As we do not want to transform the structure of the source, select the Load button and use the generated data table to create a first report page. Before that, there is one very important setting to define – use either Import or DirectQuery to connect to the source!?
- VERY Important: select DirectQuery to get a live connection to your data lake data!
As you can see in the following screenshot, data from the years 2015 until 2019 is displayed. This data is read every time the Power BI report is opened or refreshed. With the option DirectQuery the data is always up to date. So, in every case, if the source file is changed the new values are displayed in Power BI.
What if we want to include the sales data from 2020 into our Sales View? There are two options:
- Option 1: add a second query into the view definition and UNION the result rows..
- Option 2: use wildcards in the view definition and not select a specific file but a list of files..
Use wildcards in the OPENROWSET Function
Let’s dive deeper into option 2 – Wildcards in the OPENROWSET function and therefore read a list of data files and provide their content into the view.
If you change the View definition like in the following screenshot, every time the view is accessed data from all the files following the specified file pattern are read. In addition to wildcards in file names, you can also use wildcards in parts of the path definition like …/primary/samples/*/sales_*.csv.

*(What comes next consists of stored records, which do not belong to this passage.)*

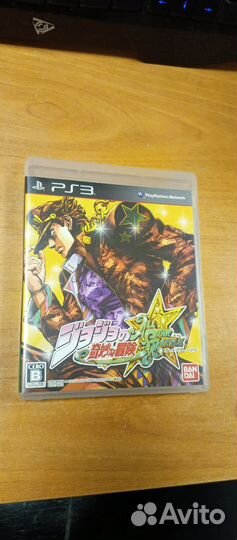 Jojo all star battle ps3 японка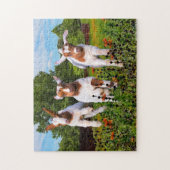Puzzle "Baby Goats" (Vertical)
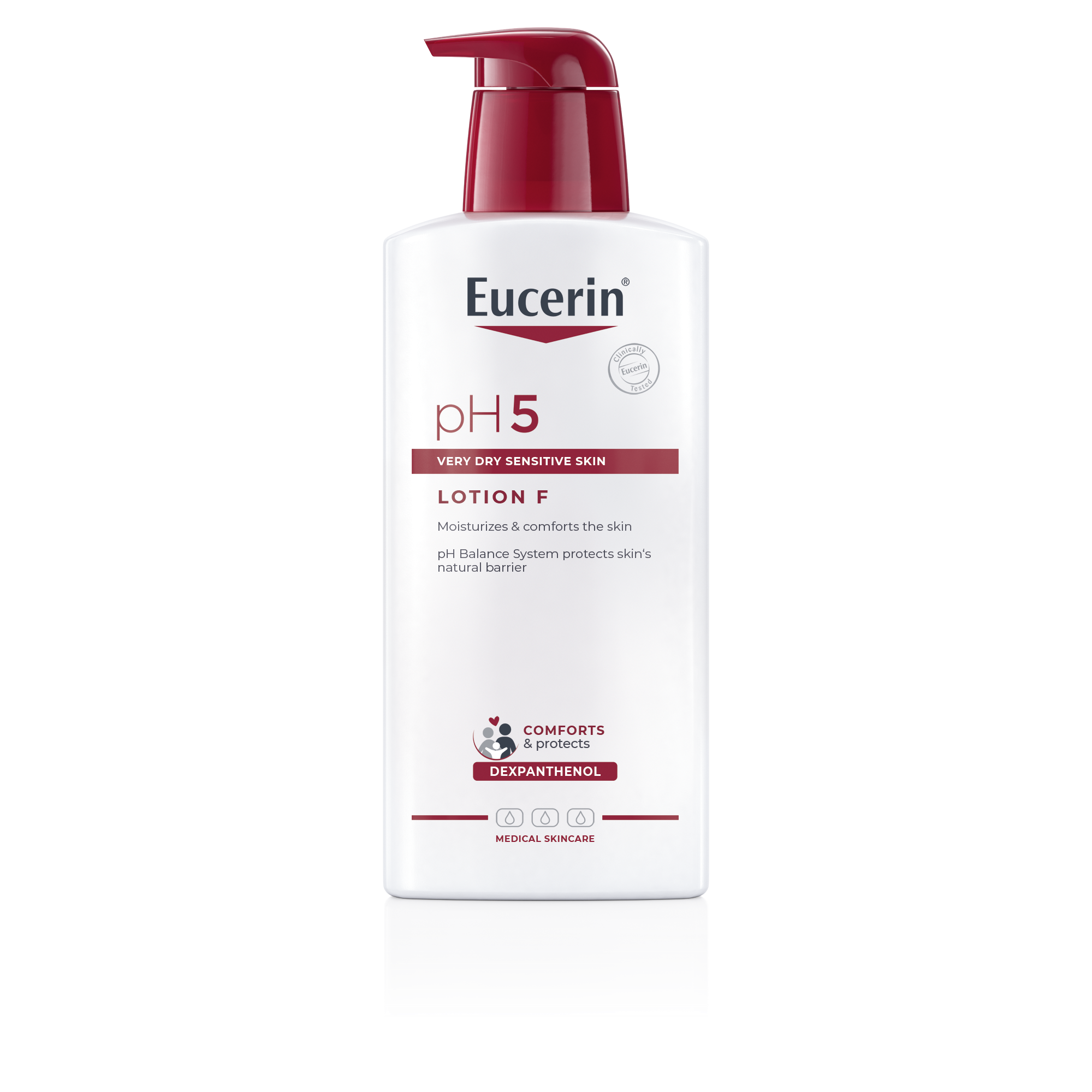 Rich F | rich lotion for dry, sensitive skin Eucerin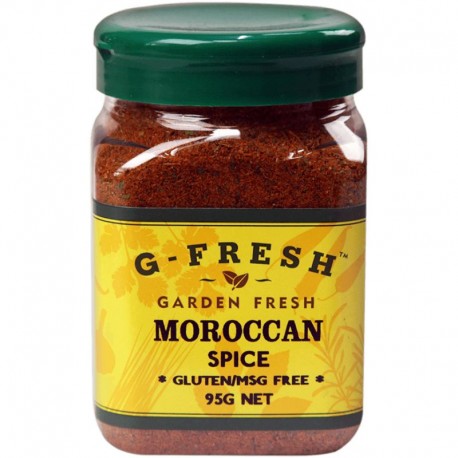 G-Fresh Moroccan Spice 95gm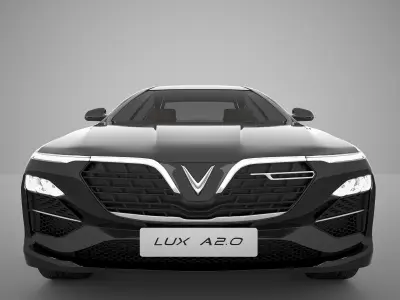 Vinfast Lux a20 3D model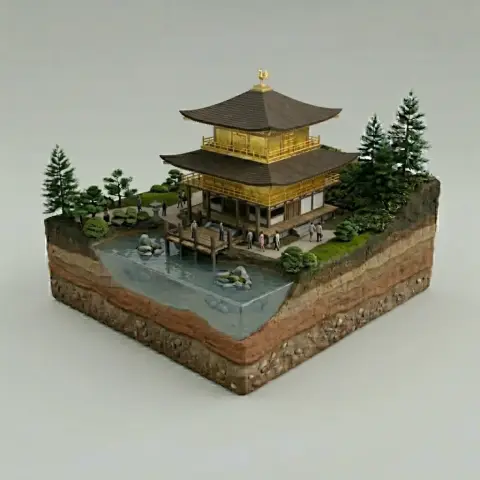 金閣寺 旧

Update the View definition and refresh your Power BI report – et voila: Data from 2015 until 2020 is available!
Easy, wasn’t it?
To sum it up:
- Power BI is not natively able to provide a DirectQuery dataset based on data stored in Azure Data Lake Storage (ADLS) Gen2
- With Azure Synapse Analytics data coming from different sources can be analyzed and brought to a SQL structure
- By using Azure Synapse SQL serverless pools, we were able to create a query layer based on files in the data lake (created a new database and VIEW in that database)
- By using wildcards in the OPENROWSET source, multiple files can be read
- That’s the way to roll Power BI DirectQuery on your CSV files in the data lake!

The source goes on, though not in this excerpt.